(Entries taken from a collection)

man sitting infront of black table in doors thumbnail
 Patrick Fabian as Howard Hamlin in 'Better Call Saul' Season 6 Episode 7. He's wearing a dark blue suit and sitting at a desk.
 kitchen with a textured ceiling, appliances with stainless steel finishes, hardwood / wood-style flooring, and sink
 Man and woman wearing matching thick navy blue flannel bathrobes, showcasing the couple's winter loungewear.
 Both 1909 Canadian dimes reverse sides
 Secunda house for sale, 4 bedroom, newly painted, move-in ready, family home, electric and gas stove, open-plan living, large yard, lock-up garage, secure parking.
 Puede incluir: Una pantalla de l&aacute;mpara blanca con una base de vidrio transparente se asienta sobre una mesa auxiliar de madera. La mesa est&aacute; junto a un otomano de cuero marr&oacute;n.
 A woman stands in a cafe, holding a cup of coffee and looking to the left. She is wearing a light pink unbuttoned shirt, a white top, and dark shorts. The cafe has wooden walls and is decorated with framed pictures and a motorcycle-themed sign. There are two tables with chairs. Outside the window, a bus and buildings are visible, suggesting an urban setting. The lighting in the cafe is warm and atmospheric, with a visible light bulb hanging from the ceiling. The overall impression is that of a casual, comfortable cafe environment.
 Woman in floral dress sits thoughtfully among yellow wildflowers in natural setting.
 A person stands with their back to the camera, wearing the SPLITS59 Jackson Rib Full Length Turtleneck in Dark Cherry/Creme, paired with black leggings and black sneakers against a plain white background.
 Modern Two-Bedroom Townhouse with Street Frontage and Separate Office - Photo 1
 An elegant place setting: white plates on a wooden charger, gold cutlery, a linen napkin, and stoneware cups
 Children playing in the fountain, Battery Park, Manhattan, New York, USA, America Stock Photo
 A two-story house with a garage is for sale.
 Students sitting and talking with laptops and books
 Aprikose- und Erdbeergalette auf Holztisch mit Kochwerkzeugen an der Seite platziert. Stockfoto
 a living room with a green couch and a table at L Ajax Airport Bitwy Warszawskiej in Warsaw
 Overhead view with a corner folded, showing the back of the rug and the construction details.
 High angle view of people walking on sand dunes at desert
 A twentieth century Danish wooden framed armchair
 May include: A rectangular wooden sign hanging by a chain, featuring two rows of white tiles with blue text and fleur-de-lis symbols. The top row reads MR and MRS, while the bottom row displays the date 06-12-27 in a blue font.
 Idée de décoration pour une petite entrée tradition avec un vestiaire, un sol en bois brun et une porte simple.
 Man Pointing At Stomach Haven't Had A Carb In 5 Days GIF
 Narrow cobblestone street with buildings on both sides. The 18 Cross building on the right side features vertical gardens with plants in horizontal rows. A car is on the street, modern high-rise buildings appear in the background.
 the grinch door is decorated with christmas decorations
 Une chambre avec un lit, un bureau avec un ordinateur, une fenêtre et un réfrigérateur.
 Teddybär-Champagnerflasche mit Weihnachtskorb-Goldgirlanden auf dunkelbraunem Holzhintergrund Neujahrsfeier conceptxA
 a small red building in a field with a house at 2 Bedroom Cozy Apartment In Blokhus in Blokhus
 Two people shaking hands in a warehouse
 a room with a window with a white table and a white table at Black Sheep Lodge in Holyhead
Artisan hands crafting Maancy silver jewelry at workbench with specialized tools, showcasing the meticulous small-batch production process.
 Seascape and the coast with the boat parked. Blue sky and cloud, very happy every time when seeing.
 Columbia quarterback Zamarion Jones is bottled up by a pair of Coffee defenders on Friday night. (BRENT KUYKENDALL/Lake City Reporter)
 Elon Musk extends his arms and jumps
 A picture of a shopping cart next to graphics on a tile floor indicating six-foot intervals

=== Your goal ===
Each entry above must be repeated exactly, with nothing dropped.

=== Reply ===
man sitting infront of black table in doors thumbnail
 Patrick Fabian as Howard Hamlin in 'Better Call Saul' Season 6 Episode 7. He's wearing a dark blue suit and sitting at a desk.
 kitchen with a textured ceiling, appliances with stainless steel finishes, hardwood / wood-style flooring, and sink
 Man and woman wearing matching thick navy blue flannel bathrobes, showcasing the couple's winter loungewear.
 Both 1909 Canadian dimes reverse sides
 Secunda house for sale, 4 bedroom, newly painted, move-in ready, family home, electric and gas stove, open-plan living, large yard, lock-up garage, secure parking.
 Puede incluir: Una pantalla de l&aacute;mpara blanca con una base de vidrio transparente se asienta sobre una mesa auxiliar de madera. La mesa est&aacute; junto a un otomano de cuero marr&oacute;n.
 A woman stands in a cafe, holding a cup of coffee and looking to the left. She is wearing a light pink unbuttoned shirt, a white top, and dark shorts. The cafe has wooden walls and is decorated with framed pictures and a motorcycle-themed sign. There are two tables with chairs. Outside the window, a bus and buildings are visible, suggesting an urban setting. The lighting in the cafe is warm and atmospheric, with a visible light bulb hanging from the ceiling. The overall impression is that of a casual, comfortable cafe environment.
 Woman in floral dress sits thoughtfully among yellow wildflowers in natural setting.
 A person stands with their back to the camera, wearing the SPLITS59 Jackson Rib Full Length Turtleneck in Dark Cherry/Creme, paired with black leggings and black sneakers against a plain white background.
 Modern Two-Bedroom Townhouse with Street Frontage and Separate Office - Photo 1
 An elegant place setting: white plates on a wooden charger, gold cutlery, a linen napkin, and stoneware cups
 Children playing in the fountain, Battery Park, Manhattan, New York, USA, America Stock Photo
 A two-story house with a garage is for sale.
 Students sitting and talking with laptops and books
 Aprikose- und Erdbeergalette auf Holztisch mit Kochwerkzeugen an der Seite platziert. Stockfoto
 a living room with a green couch and a table at L Ajax Airport Bitwy Warszawskiej in Warsaw
 Overhead view with a corner folded, showing the back of the rug and the construction details.
 High angle view of people walking on sand dunes at desert
 A twentieth century Danish wooden framed armchair
 May include: A rectangular wooden sign hanging by a chain, featuring two rows of white tiles with blue text and fleur-de-lis symbols. The top row reads MR and MRS, while the bottom row displays the date 06-12-27 in a blue font.
 Idée de décoration pour une petite entrée tradition avec un vestiaire, un sol en bois brun et une porte simple.
 Man Pointing At Stomach Haven't Had A Carb In 5 Days GIF
 Narrow cobblestone street with buildings on both sides. The 18 Cross building on the right side features vertical gardens with plants in horizontal rows. A car is on the street, modern high-rise buildings appear in the background.
 the grinch door is decorated with christmas decorations
 Une chambre avec un lit, un bureau avec un ordinateur, une fenêtre et un réfrigérateur.
 Teddybär-Champagnerflasche mit Weihnachtskorb-Goldgirlanden auf dunkelbraunem Holzhintergrund Neujahrsfeier conceptxA
 a small red building in a field with a house at 2 Bedroom Cozy Apartment In Blokhus in Blokhus
 Two people shaking hands in a warehouse
 a room with a window with a white table and a white table at Black Sheep Lodge in Holyhead
Artisan hands crafting Maancy silver jewelry at workbench with specialized tools, showcasing the meticulous small-batch production process.
 Seascape and the coast with the boat parked. Blue sky and cloud, very happy every time when seeing.
 Columbia quarterback Zamarion Jones is bottled up by a pair of Coffee defenders on Friday night. (BRENT KUYKENDALL/Lake City Reporter)
 Elon Musk extends his arms and jumps
 A picture of a shopping cart next to graphics on a tile floor indicating six-foot intervals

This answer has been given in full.